• **To do**: Nothing but the lines below from the one with "OFFIGAM 2-Pack Holiday" through the one with "10k White Gold" should be output, each exactly as given, and no pictures.

• **Data in this exercise**:
----

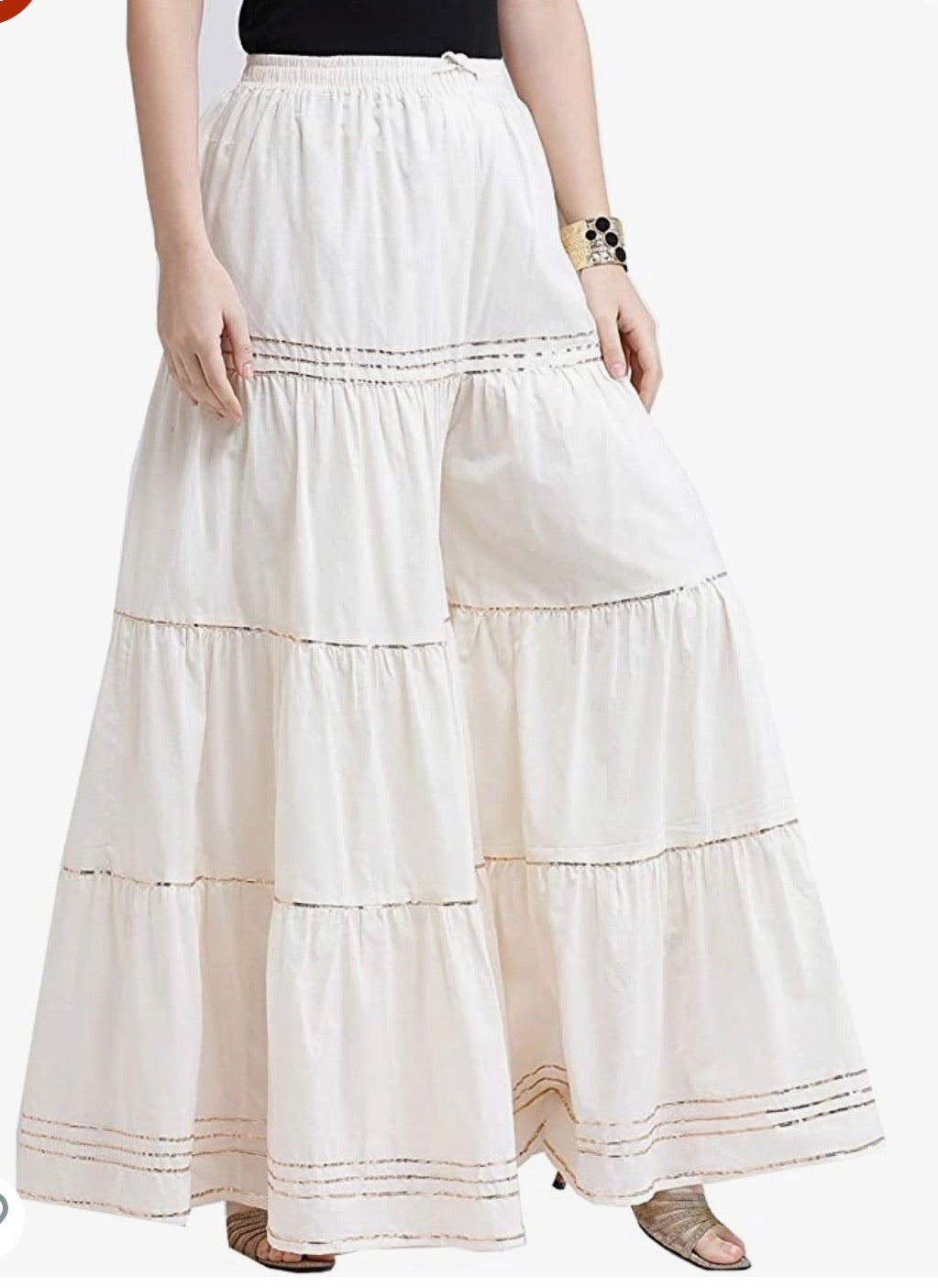 Buy ADVAIT Womens  Girls Cotton Frill Golden Lace OffWhite Sharara  Casual Free Size at Amazonin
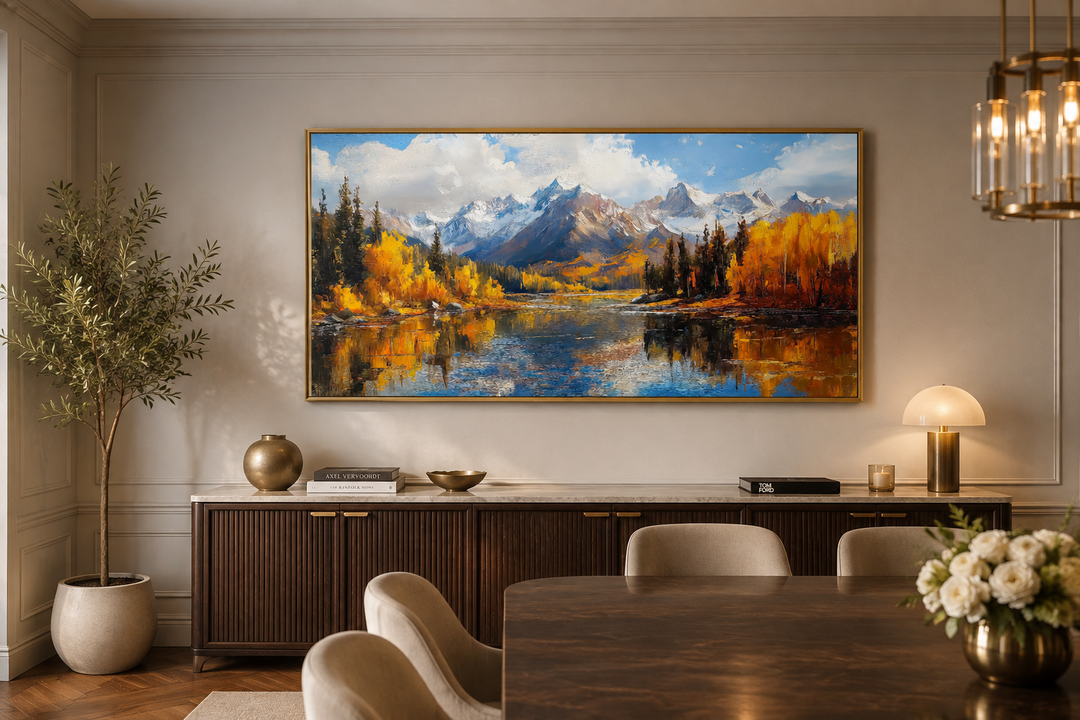 Framed canvas painting of Colorado Rocky Mountains in autumn with golden trees and lake reflection.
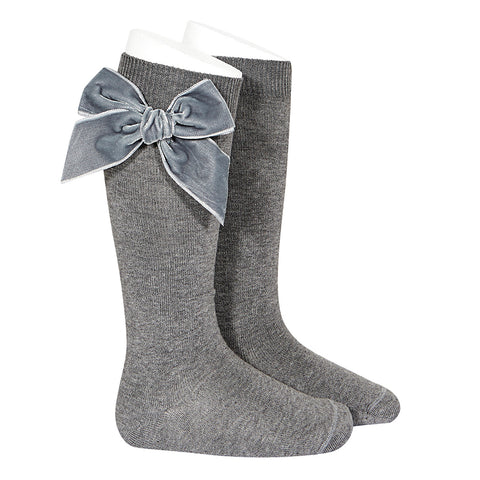 CONDOR SOCKS - Velvet Bow Knee-High in CHARCOAL (230)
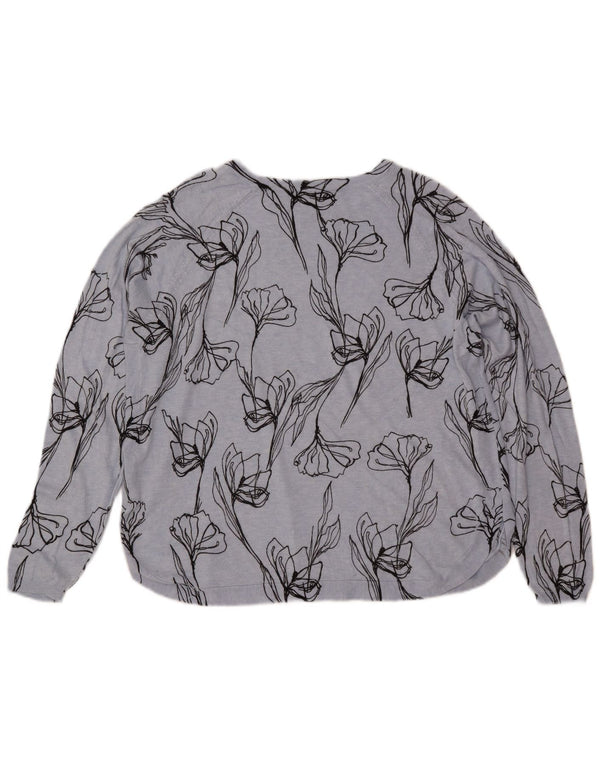 MARKS & SPENCER Maglione da donna con scollo a barca UK 18 XL Blu floreale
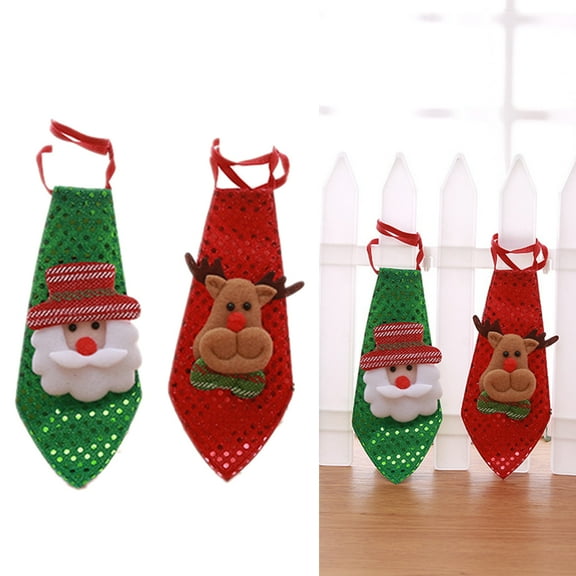 OFFIGAM 2-Pack Holiday Ties Christmas Tree Decorations with Elk Pattern and Sequins for Adults and Parties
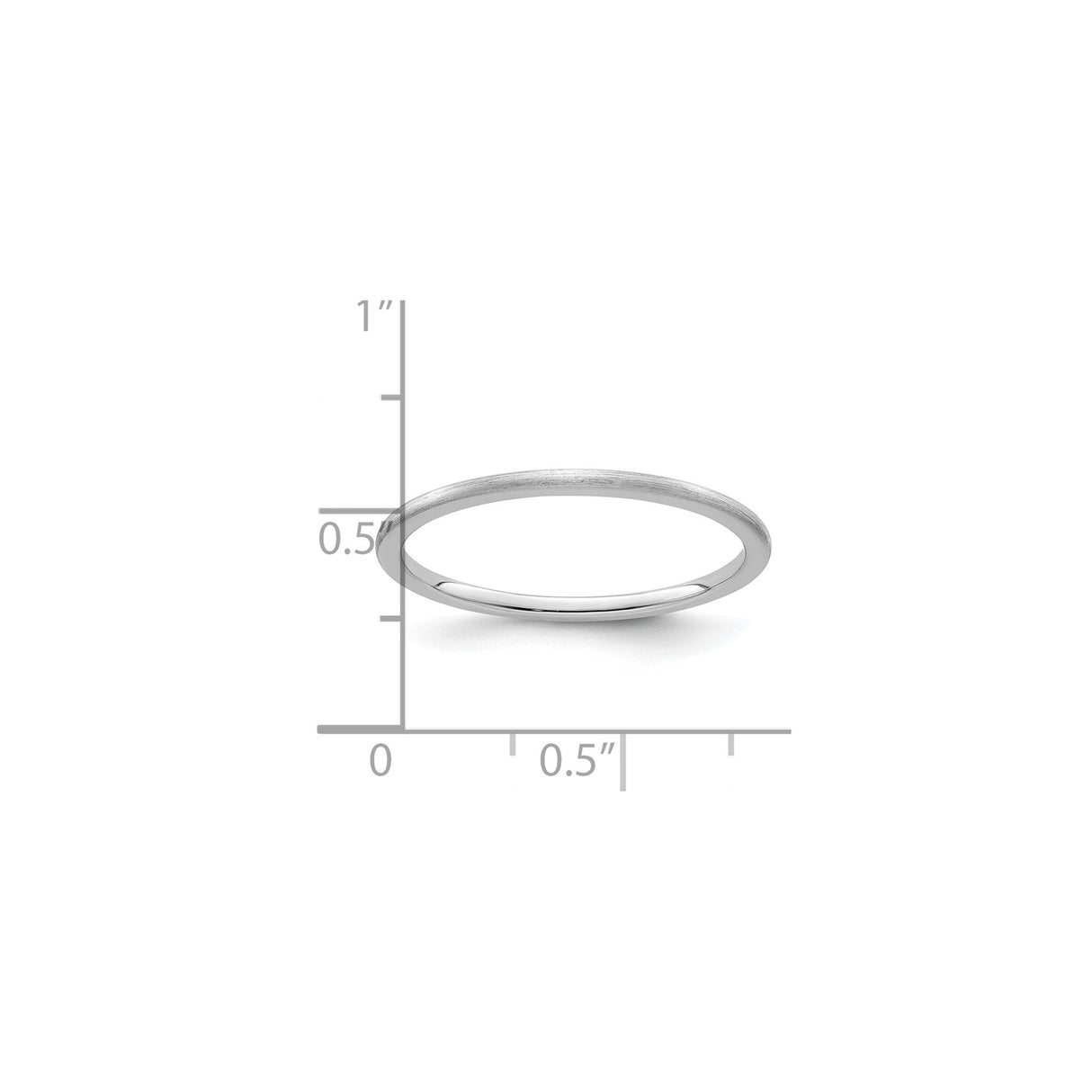 10k White Gold Satin, Domed wedding band ring shown for scale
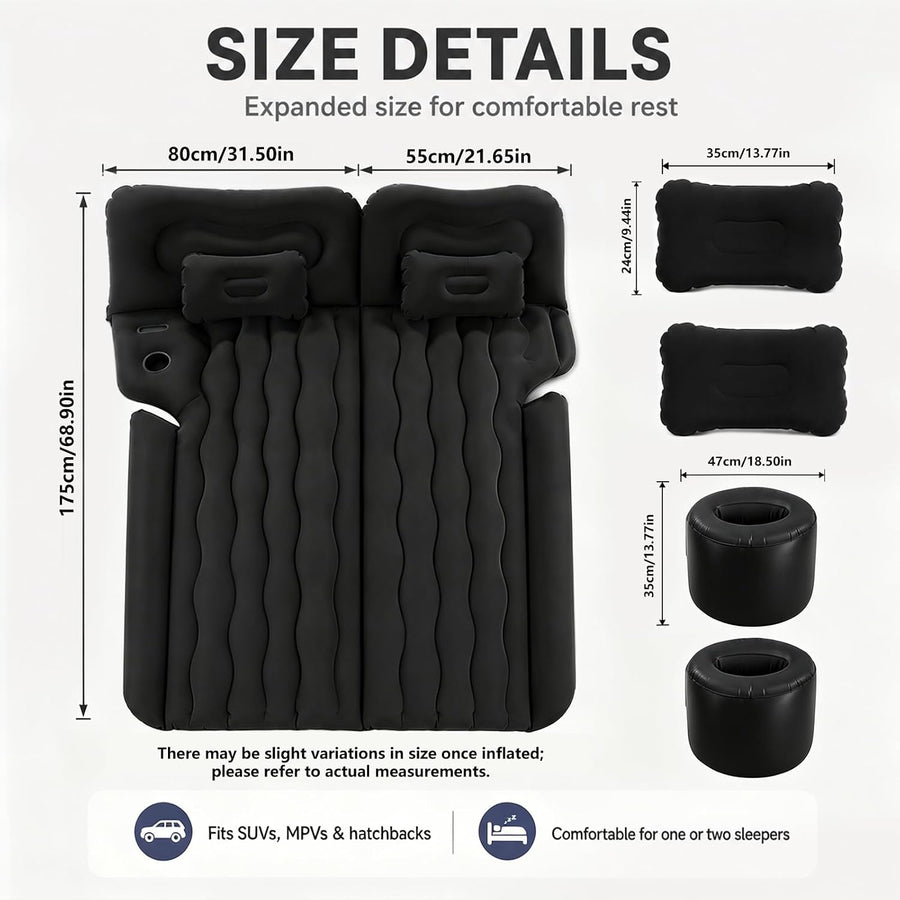 Matelas Gonflable Voiture, 1.75 * 1.35M Lit Gonflable pour Siège Arrière, Pompe et Oreiller, Matelas de Voiture SUV, Tissu Molletonné Épais, pour Voyage Camping Activités de Plein Air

----

• **Task output**:
 OFFIGAM 2-Pack Holiday Ties Christmas Tree Decorations with Elk Pattern and Sequins for Adults and Parties
 10k White Gold Satin, Domed wedding band ring shown for scale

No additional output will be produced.